L’organisation « Hotline for Refugees and Migrants » (HRM), qui défend les droits des migrants et des réfugiés en Israël, affirme que le processus de demande d’asile est simplifié pour les Ukrainiens et les Géorgiens. Au cours de la première moitié de l’année 2017, les autorités israéliennes ont enregistré 5 718 demandes d’asile de la part d’Ukrainiens, contre seulement 703 sur l’ensemble de l’année 2015.
Israël n’a cessé de compliquer le parcours des migrants. Un rapport de HRM explique ainsi comment chaque candidat n’ayant pas pu déposer sa demande se voit remettre un bout de papier sur lequel est inscrite une date, à laquelle il est censé revenir au bureau de l’immigration.
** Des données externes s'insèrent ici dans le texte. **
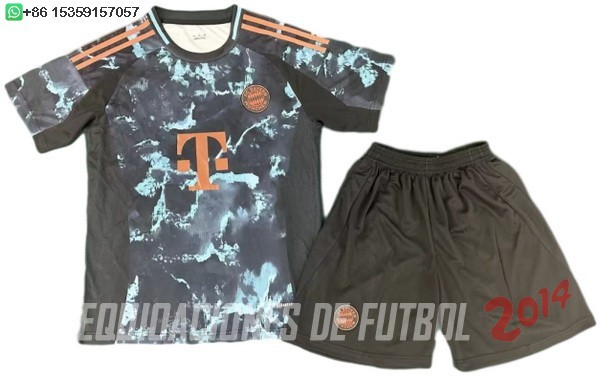 Camiseta Del Conjunto Completo Hombre Bayern Munich Segunda 2024/2025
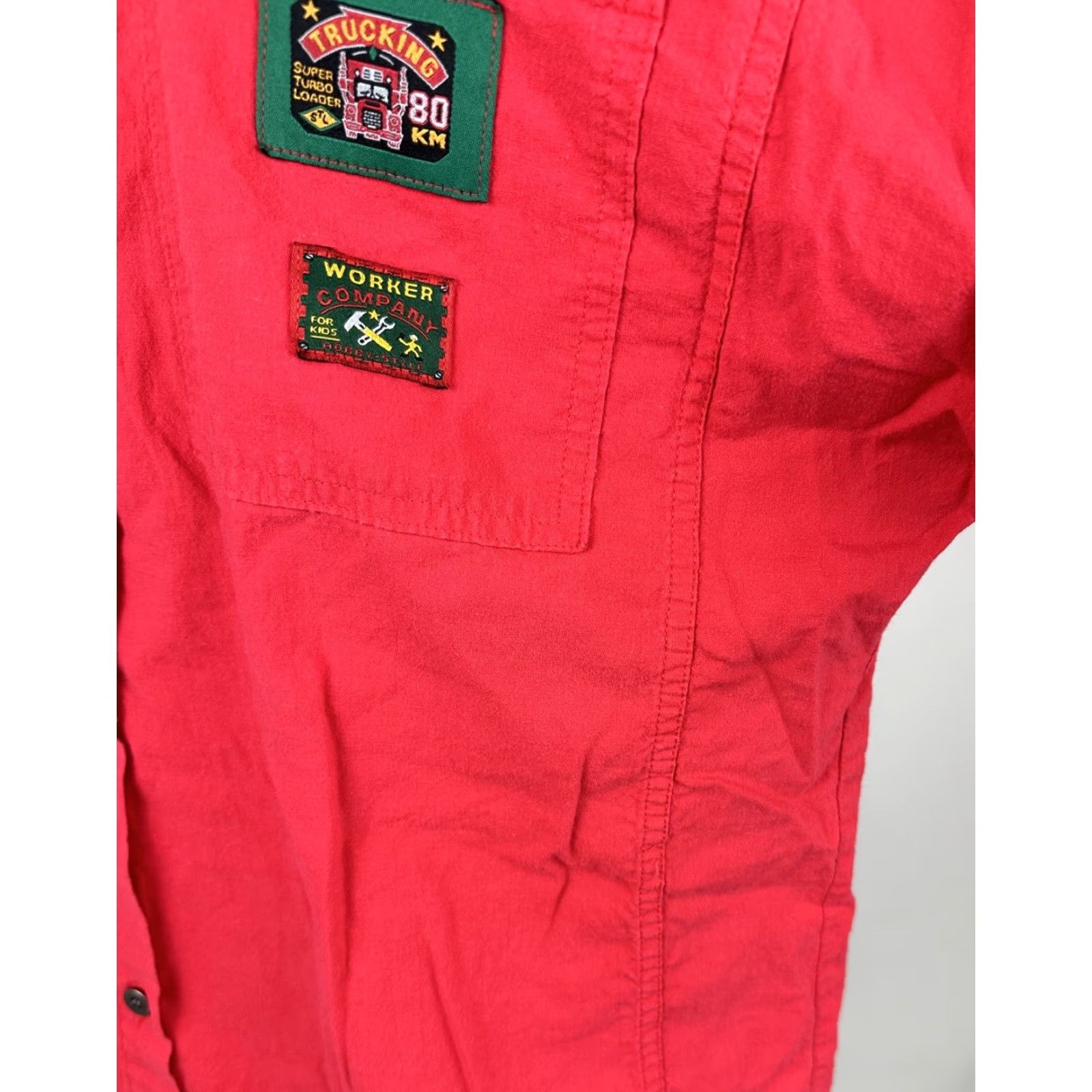 Vintage VINTAGE Casey & Max Womens Button-Up Shirt M Red 90s Retro Bohemian Army Grunge Casual Shirt Womens Medium Red Vintage Size M / US 6-8 / IT 42-44 - 7 Thumbnail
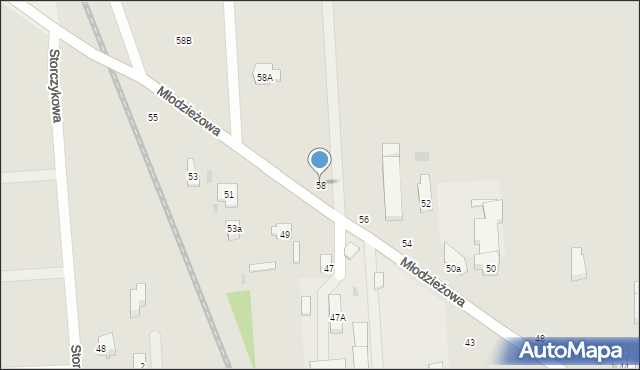 Płońsk, Młodzieżowa, 58, mapa Płońsk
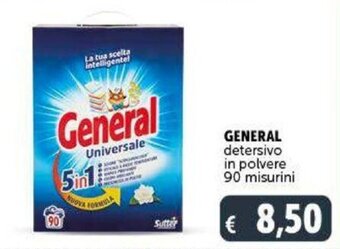 General detersivo in polvere 90 misurini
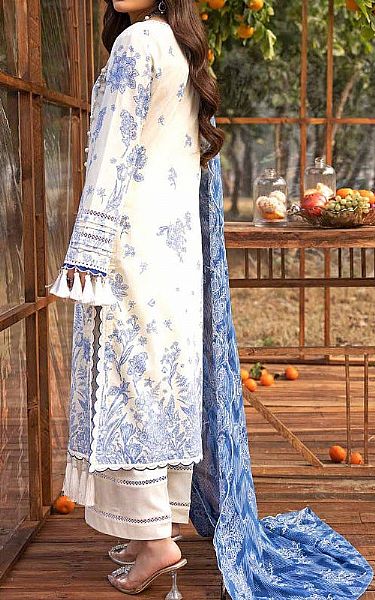 Gul Ahmed Off-white Lawn Suit | Pakistani Lawn Dress in USA- Image 2
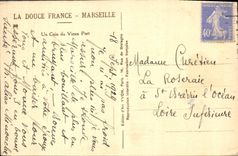 CPA Marseille Un Coin du Vieux Port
Or, ce papier, ni officiel ni signé, n’accorde aucun droit au demandeur : si le visa de la personne expire avant la date indiquée dessus, elle est susceptible d’être arrêtée et placée en détention.
Selon le Haut-Commissariat des Nations unies pour les réfugiés, il y a environ 27 500 demandeurs d’asile érythréens et 7 800 soudanais en Israël. Depuis 2009, seules huit demandes d’asile présentées par des personnes originaires de ces pays ont été acceptées.